→ Your instructions
Skip all pictures. Write out the data below from its first line through the line that contains "4001 East Balch".

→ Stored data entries
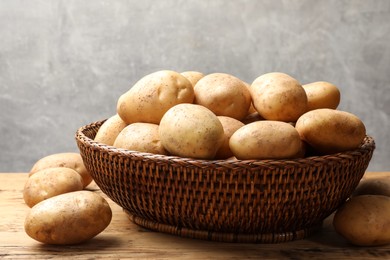 Photo of Many fresh potatoes in wicker basket on wooden table, closeup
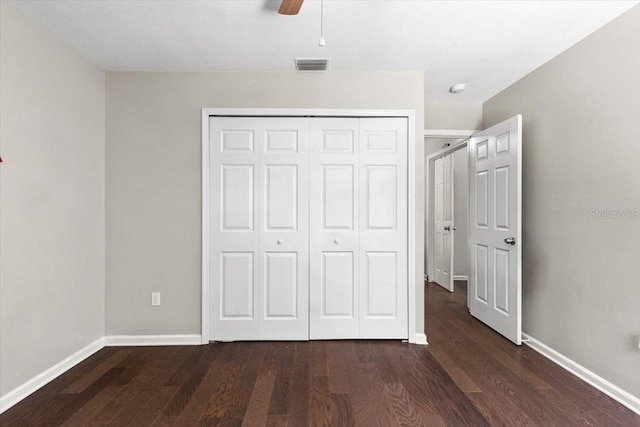 11207 Donneymoor Dr, Riverview, FL 33569 - unfurnished bedroom with dark wood finished floors, a closet, baseboards, and a ceiling fan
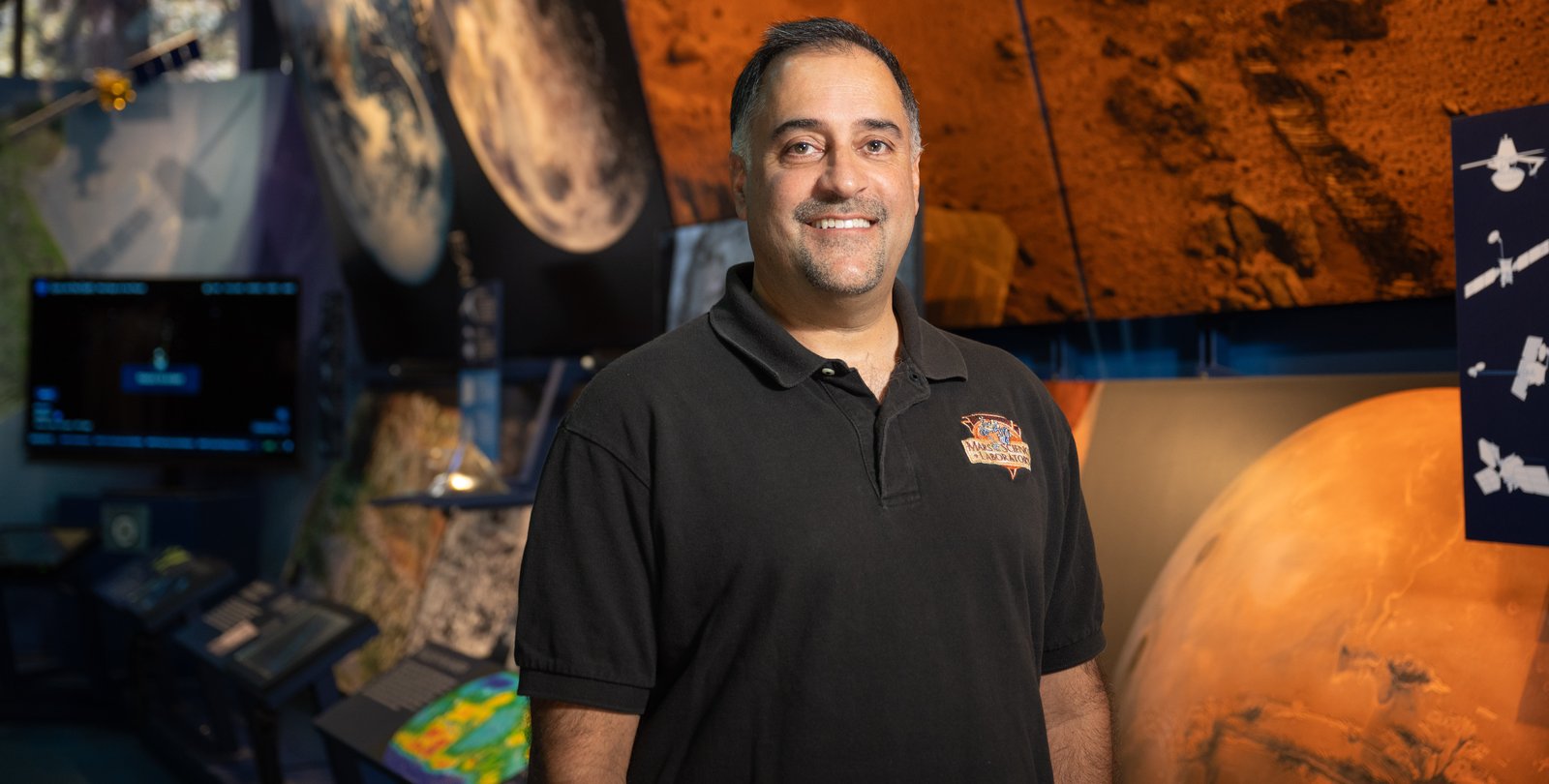 Image of Ashwin Vasavada standing in front of Mars display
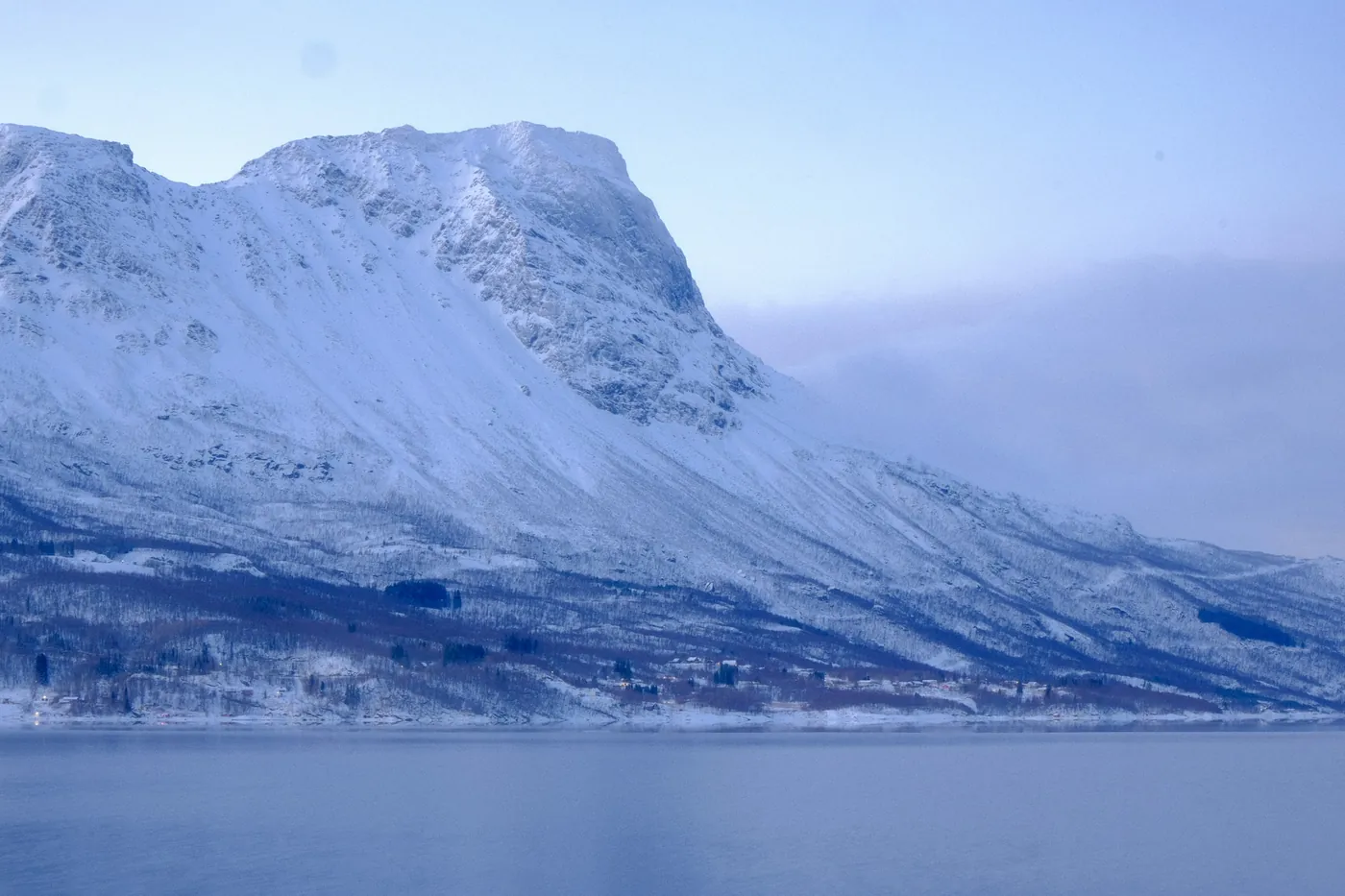 Un’imponente montagna coperta di neve che si alza ripida dall’acqua calma del fiordo vicino a Narvik sotto un pallido cielo azzurro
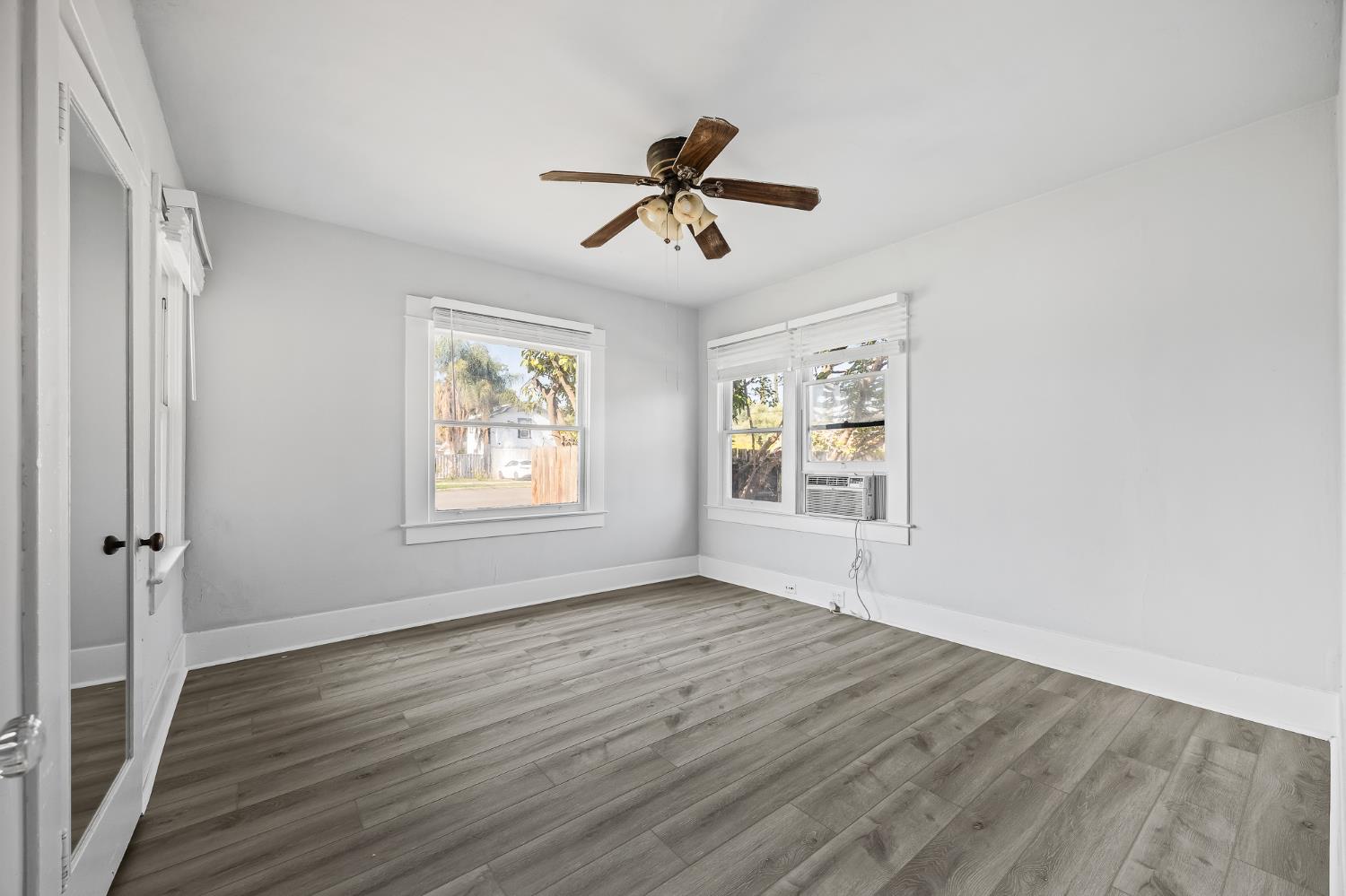 4001 East Balch Avenue Fresno, CA 93702 - Photo 13 of 22 a view of empty room with wooden floor and fan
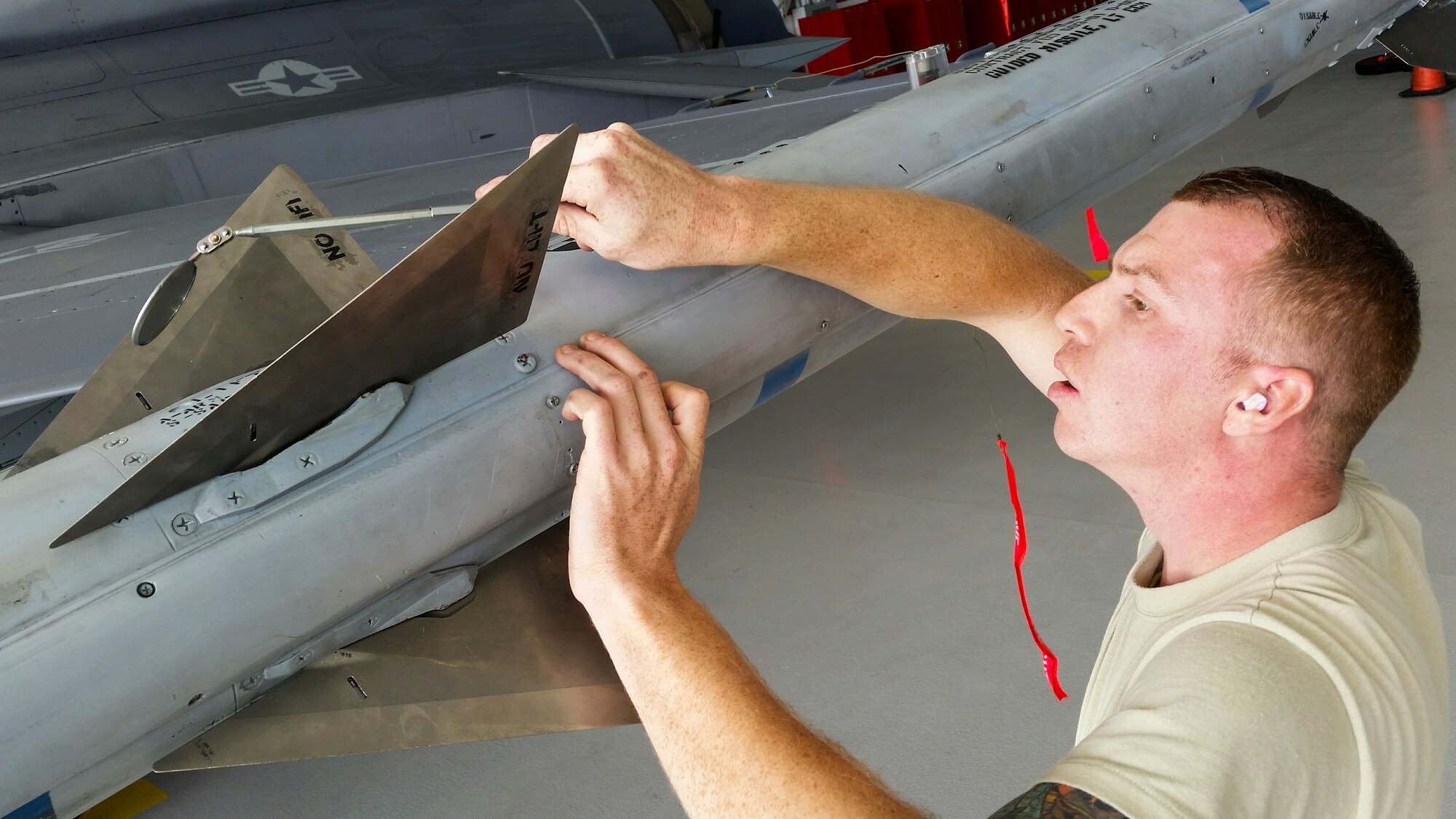 Staff Sgt. Jason Vermillion, of the 96th Aircraft Maintenance Squadron Blue, ensures the wings are properly installed on the AIM-120 missile and secured onto the F-16 Fighting Falcon, during the fourth quarter weapons loadcrew competition Dec. 18 at Eglin Air Force Base, Fla.  Vermillion, Senior Airman Derron Ackermann and Airman 1st Class William Walters represented the Blue AMU. The Blue team defeated the Red team in the competition. (U.S. Air Force photo/Kevin Gaddie)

→ Task solution
 Photo of Many fresh potatoes in wicker basket on wooden table, closeup
 11207 Donneymoor Dr, Riverview, FL 33569 - unfurnished bedroom with dark wood finished floors, a closet, baseboards, and a ceiling fan
 Image of Ashwin Vasavada standing in front of Mars display
 Un’imponente montagna coperta di neve che si alza ripida dall’acqua calma del fiordo vicino a Narvik sotto un pallido cielo azzurro
 4001 East Balch Avenue Fresno, CA 93702 - Photo 13 of 22 a view of empty room with wooden floor and fan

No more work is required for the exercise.